### SUPPLIED MATERIAL
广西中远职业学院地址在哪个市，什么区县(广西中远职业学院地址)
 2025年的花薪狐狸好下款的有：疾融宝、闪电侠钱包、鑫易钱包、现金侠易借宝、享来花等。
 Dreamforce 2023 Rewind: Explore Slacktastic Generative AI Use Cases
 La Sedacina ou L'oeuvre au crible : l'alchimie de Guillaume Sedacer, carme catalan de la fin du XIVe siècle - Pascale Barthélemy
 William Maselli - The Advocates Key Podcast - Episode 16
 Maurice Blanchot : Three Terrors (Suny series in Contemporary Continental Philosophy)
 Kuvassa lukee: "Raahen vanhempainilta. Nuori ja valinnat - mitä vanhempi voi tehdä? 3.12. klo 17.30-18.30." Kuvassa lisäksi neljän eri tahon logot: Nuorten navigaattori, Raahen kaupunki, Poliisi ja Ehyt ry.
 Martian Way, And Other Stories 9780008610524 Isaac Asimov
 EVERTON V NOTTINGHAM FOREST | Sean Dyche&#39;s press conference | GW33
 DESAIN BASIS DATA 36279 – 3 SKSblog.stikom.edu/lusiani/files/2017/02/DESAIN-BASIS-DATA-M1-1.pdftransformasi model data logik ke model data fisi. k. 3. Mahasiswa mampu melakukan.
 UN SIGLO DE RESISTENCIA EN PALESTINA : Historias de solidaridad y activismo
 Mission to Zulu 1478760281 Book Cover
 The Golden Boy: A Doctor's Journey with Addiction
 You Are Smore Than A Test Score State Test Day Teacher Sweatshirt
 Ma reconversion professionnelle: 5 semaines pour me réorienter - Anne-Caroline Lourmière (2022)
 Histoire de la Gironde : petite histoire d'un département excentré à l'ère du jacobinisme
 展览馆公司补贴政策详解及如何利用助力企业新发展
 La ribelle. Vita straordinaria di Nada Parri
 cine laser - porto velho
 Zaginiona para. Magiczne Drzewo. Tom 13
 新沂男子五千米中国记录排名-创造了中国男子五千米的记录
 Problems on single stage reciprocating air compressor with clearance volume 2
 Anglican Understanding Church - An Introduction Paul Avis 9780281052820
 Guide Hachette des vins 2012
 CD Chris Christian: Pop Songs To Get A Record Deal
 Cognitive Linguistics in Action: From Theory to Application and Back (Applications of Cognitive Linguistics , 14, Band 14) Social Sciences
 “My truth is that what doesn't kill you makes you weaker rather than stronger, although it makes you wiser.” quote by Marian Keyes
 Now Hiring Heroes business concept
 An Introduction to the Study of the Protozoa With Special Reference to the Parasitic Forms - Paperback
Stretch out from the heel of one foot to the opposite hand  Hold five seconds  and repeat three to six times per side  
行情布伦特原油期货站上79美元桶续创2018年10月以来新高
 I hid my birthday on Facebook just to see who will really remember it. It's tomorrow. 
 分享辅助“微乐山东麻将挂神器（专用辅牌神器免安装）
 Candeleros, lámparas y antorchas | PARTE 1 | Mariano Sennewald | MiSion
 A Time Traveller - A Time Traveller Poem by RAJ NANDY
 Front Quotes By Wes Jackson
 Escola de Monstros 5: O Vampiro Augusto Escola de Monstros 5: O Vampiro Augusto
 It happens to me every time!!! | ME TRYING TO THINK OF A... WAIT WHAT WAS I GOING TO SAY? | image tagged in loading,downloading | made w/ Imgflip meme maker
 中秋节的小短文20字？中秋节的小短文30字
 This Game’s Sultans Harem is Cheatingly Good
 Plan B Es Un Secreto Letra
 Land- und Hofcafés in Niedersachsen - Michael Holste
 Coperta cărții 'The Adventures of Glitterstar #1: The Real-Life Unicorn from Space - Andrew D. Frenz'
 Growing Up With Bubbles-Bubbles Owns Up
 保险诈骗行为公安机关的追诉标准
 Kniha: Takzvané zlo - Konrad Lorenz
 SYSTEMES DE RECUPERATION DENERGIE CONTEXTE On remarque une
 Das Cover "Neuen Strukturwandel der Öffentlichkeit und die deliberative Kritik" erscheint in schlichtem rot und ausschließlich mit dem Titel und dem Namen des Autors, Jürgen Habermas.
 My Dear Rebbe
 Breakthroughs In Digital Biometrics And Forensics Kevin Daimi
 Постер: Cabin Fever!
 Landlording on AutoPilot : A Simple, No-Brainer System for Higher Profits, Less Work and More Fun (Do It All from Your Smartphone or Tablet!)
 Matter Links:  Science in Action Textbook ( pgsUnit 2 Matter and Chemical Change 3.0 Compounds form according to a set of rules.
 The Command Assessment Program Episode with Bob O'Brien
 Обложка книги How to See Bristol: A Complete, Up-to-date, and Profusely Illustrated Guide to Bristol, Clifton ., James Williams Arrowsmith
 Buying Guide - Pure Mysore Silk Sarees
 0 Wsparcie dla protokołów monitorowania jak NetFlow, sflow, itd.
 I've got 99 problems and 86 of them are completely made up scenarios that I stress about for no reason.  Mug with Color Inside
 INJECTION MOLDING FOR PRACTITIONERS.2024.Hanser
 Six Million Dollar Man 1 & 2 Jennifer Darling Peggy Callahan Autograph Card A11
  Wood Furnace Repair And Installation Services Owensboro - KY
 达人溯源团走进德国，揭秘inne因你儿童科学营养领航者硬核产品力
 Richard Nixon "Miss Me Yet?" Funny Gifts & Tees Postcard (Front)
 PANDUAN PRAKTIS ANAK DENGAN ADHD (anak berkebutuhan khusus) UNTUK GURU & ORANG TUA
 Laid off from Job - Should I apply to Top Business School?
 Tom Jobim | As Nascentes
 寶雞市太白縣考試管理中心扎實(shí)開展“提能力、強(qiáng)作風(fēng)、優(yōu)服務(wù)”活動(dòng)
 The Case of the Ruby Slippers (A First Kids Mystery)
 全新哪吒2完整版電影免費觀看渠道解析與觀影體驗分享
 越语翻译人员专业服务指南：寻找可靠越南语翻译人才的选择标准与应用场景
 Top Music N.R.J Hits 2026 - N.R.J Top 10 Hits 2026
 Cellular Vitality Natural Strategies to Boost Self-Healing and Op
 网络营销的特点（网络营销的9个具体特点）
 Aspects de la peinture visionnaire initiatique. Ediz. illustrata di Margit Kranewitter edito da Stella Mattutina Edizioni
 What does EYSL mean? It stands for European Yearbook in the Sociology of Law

### TASK BRIEF
All the entries above are to be transcribed without any alteration.

### RESULT FOR THIS EXERCISE
广西中远职业学院地址在哪个市，什么区县(广西中远职业学院地址)
 2025年的花薪狐狸好下款的有：疾融宝、闪电侠钱包、鑫易钱包、现金侠易借宝、享来花等。
 Dreamforce 2023 Rewind: Explore Slacktastic Generative AI Use Cases
 La Sedacina ou L'oeuvre au crible : l'alchimie de Guillaume Sedacer, carme catalan de la fin du XIVe siècle - Pascale Barthélemy
 William Maselli - The Advocates Key Podcast - Episode 16
 Maurice Blanchot : Three Terrors (Suny series in Contemporary Continental Philosophy)
 Kuvassa lukee: "Raahen vanhempainilta. Nuori ja valinnat - mitä vanhempi voi tehdä? 3.12. klo 17.30-18.30." Kuvassa lisäksi neljän eri tahon logot: Nuorten navigaattori, Raahen kaupunki, Poliisi ja Ehyt ry.
 Martian Way, And Other Stories 9780008610524 Isaac Asimov
 EVERTON V NOTTINGHAM FOREST | Sean Dyche&#39;s press conference | GW33
 DESAIN BASIS DATA 36279 – 3 SKSblog.stikom.edu/lusiani/files/2017/02/DESAIN-BASIS-DATA-M1-1.pdftransformasi model data logik ke model data fisi. k. 3. Mahasiswa mampu melakukan.
 UN SIGLO DE RESISTENCIA EN PALESTINA : Historias de solidaridad y activismo
 Mission to Zulu 1478760281 Book Cover
 The Golden Boy: A Doctor's Journey with Addiction
 You Are Smore Than A Test Score State Test Day Teacher Sweatshirt
 Ma reconversion professionnelle: 5 semaines pour me réorienter - Anne-Caroline Lourmière (2022)
 Histoire de la Gironde : petite histoire d'un département excentré à l'ère du jacobinisme
 展览馆公司补贴政策详解及如何利用助力企业新发展
 La ribelle. Vita straordinaria di Nada Parri
 cine laser - porto velho
 Zaginiona para. Magiczne Drzewo. Tom 13
 新沂男子五千米中国记录排名-创造了中国男子五千米的记录
 Problems on single stage reciprocating air compressor with clearance volume 2
 Anglican Understanding Church - An Introduction Paul Avis 9780281052820
 Guide Hachette des vins 2012
 CD Chris Christian: Pop Songs To Get A Record Deal
 Cognitive Linguistics in Action: From Theory to Application and Back (Applications of Cognitive Linguistics , 14, Band 14) Social Sciences
 “My truth is that what doesn't kill you makes you weaker rather than stronger, although it makes you wiser.” quote by Marian Keyes
 Now Hiring Heroes business concept
 An Introduction to the Study of the Protozoa With Special Reference to the Parasitic Forms - Paperback
Stretch out from the heel of one foot to the opposite hand  Hold five seconds  and repeat three to six times per side  
行情布伦特原油期货站上79美元桶续创2018年10月以来新高
 I hid my birthday on Facebook just to see who will really remember it. It's tomorrow. 
 分享辅助“微乐山东麻将挂神器（专用辅牌神器免安装）
 Candeleros, lámparas y antorchas | PARTE 1 | Mariano Sennewald | MiSion
 A Time Traveller - A Time Traveller Poem by RAJ NANDY
 Front Quotes By Wes Jackson
 Escola de Monstros 5: O Vampiro Augusto Escola de Monstros 5: O Vampiro Augusto
 It happens to me every time!!! | ME TRYING TO THINK OF A... WAIT WHAT WAS I GOING TO SAY? | image tagged in loading,downloading | made w/ Imgflip meme maker
 中秋节的小短文20字？中秋节的小短文30字
 This Game’s Sultans Harem is Cheatingly Good
 Plan B Es Un Secreto Letra
 Land- und Hofcafés in Niedersachsen - Michael Holste
 Coperta cărții 'The Adventures of Glitterstar #1: The Real-Life Unicorn from Space - Andrew D. Frenz'
 Growing Up With Bubbles-Bubbles Owns Up
 保险诈骗行为公安机关的追诉标准
 Kniha: Takzvané zlo - Konrad Lorenz
 SYSTEMES DE RECUPERATION DENERGIE CONTEXTE On remarque une
 Das Cover "Neuen Strukturwandel der Öffentlichkeit und die deliberative Kritik" erscheint in schlichtem rot und ausschließlich mit dem Titel und dem Namen des Autors, Jürgen Habermas.
 My Dear Rebbe
 Breakthroughs In Digital Biometrics And Forensics Kevin Daimi
 Постер: Cabin Fever!
 Landlording on AutoPilot : A Simple, No-Brainer System for Higher Profits, Less Work and More Fun (Do It All from Your Smartphone or Tablet!)
 Matter Links:  Science in Action Textbook ( pgsUnit 2 Matter and Chemical Change 3.0 Compounds form according to a set of rules.
 The Command Assessment Program Episode with Bob O'Brien
 Обложка книги How to See Bristol: A Complete, Up-to-date, and Profusely Illustrated Guide to Bristol, Clifton ., James Williams Arrowsmith
 Buying Guide - Pure Mysore Silk Sarees
 0 Wsparcie dla protokołów monitorowania jak NetFlow, sflow, itd.
 I've got 99 problems and 86 of them are completely made up scenarios that I stress about for no reason.  Mug with Color Inside
 INJECTION MOLDING FOR PRACTITIONERS.2024.Hanser
 Six Million Dollar Man 1 & 2 Jennifer Darling Peggy Callahan Autograph Card A11
  Wood Furnace Repair And Installation Services Owensboro - KY
 达人溯源团走进德国，揭秘inne因你儿童科学营养领航者硬核产品力
 Richard Nixon "Miss Me Yet?" Funny Gifts & Tees Postcard (Front)
 PANDUAN PRAKTIS ANAK DENGAN ADHD (anak berkebutuhan khusus) UNTUK GURU & ORANG TUA
 Laid off from Job - Should I apply to Top Business School?
 Tom Jobim | As Nascentes
 寶雞市太白縣考試管理中心扎實(shí)開展“提能力、強(qiáng)作風(fēng)、優(yōu)服務(wù)”活動(dòng)
 The Case of the Ruby Slippers (A First Kids Mystery)
 全新哪吒2完整版電影免費觀看渠道解析與觀影體驗分享
 越语翻译人员专业服务指南：寻找可靠越南语翻译人才的选择标准与应用场景
 Top Music N.R.J Hits 2026 - N.R.J Top 10 Hits 2026
 Cellular Vitality Natural Strategies to Boost Self-Healing and Op
 网络营销的特点（网络营销的9个具体特点）
 Aspects de la peinture visionnaire initiatique. Ediz. illustrata di Margit Kranewitter edito da Stella Mattutina Edizioni
 What does EYSL mean? It stands for European Yearbook in the Sociology of Law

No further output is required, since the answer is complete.